- The Washington Times - Saturday, October 31, 2009

Consumer spending took a discouraging turn for the worse in September, casting doubt on the strength of the economic recovery, raising fears of a dismal holiday shopping season and sending the stock market sharply lower.

Personal consumption fell 0.5 percent in September, the biggest drop since December 2008, the Commerce Department reported Friday. At the same time, income from wages and salaries fell 0.2 percent and remains below December 2006 levels, reflecting the heavy toll that the longest, deepest recession in seven decades has taken on household finances.

In another bad omen for retailers, the Reuters/University of Michigan index of consumer sentiment declined from 73.5 in September to 70.6 in October. Friday’s report found that rising unemployment and gasoline prices outweighed rising stock prices in the minds of American consumers.

All that negative news sent the Dow Jones Industrial Average tanking 249.82 points (2.5 percent) to 9,712.73, wiping out Thursday’s 200-point gain and leaving the blue chip index flat for the month of October.

The broad-based Standard & Poor’s 500-Stock Index declined 29.92 points (2.8 percent) to 1,036.19, while the tech-heavy Nasdaq Composite Index fell 52.44 points (2.8 percent) to 2,045.11.

Economists are concerned that the fledgling recovery could falter as households continue to confront rising unemployment, stagnant wages, large debt loads, tight credit and housing values that are about 30 percent below their 2006 peak.

The National Retail Federation is expecting consumers to spend an average of $683 on holiday-related shopping this season, a 3.2 percent drop from $705 last year.

Consumer spending, which accounts for 70 percent of economic activity, increased 3.4 percent during the July-September period but declined noticeably at the end of the quarter.

Spending on durable goods - products, such as autos, that are expected to last three years or longer - plunged 7 percent in September.

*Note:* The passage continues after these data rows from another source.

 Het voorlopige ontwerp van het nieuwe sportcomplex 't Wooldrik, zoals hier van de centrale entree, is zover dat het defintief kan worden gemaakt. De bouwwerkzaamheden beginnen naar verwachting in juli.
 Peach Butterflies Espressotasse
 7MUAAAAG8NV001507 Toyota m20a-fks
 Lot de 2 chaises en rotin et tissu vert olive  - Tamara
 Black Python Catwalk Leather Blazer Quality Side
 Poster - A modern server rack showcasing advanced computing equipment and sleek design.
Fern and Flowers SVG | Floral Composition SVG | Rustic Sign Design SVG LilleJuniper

Spending on nondurable goods, however, increased 0.7 percent, and spending on services was up 0.2 percent.

Economists agree that the federal government’s “cash for clunkers” program, which began in July and ended in August, produced volatile monthly spending patterns during the third quarter.

“If we look a little deeper, we can see that there has been an underlying improvement in spending,” said Nigel Gault, chief U.S. economist for the research firm IHS Global Insight. “From June to September - before and after the clunkers program - spending grew at an annual rate of 2.6 percent,” he noted. “The question is whether consumers can keep this up.

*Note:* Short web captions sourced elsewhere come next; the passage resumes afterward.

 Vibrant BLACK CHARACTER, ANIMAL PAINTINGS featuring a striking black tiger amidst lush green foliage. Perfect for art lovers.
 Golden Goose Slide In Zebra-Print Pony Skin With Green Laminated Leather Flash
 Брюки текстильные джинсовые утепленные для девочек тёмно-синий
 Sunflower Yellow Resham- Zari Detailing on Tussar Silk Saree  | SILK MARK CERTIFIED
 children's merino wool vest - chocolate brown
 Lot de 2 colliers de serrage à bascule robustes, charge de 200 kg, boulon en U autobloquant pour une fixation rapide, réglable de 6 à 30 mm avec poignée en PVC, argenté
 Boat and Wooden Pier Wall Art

“On this front, the news in today’s report was not encouraging,” he said, pointing to flat personal income and declining wage and salary income. “Only an increase in government transfer payments prevented an overall decline in incomes,” he said.

Employee compensation over the past year has been stagnant. In a separate report, the Labor Department revealed Friday that wages and benefits were just 1.5 percent higher in the third quarter than they were a year ago. It was the smallest annual increase since recordkeeping began in 1982.

“Slow increases in wages and benefits are a mixed bag, economically. Consumer spending stays in check, but firms contain costs, aiding profitability,” said Sara Kline, an economic analyst at Moody’s Economy.com.

“The outlook for compensation growth remains weak,” she said.

Facing bleak income prospects, consumers may decide to keep a firm grip on their wallets during the coming holiday season.

At least consumers do not have to contend with high inflation or rising interest rates. The Federal Reserve’s preferred inflation gauge, which excludes food and energy, increased 0.1 percent last month and was up just 1.3 percent over the past year. That was below the Fed’s comfort zone, between 1.5 percent and 2 percent. The Reuters/University of Michigan consumer-sentiment survey also revealed that long-term inflation expectations remain tame.

“Anchored long-term inflation expectations will allow the Federal Reserve to keep interest rates unchanged for the foreseeable future,” observed Ryan Sweet, an economist at Moody’s Economy.com.

Since December 2008, the Fed has maintained its target short-term interest rate between 0 and 0.25 percent, a historic low. Many analysts believe that the Fed’s eye-popping expansion of the money supply has been the most important factor in battling the recession, which began in December 2007, and in halting the economic plunge that commenced in September 2008.

Michelle Nealy contributed to this article.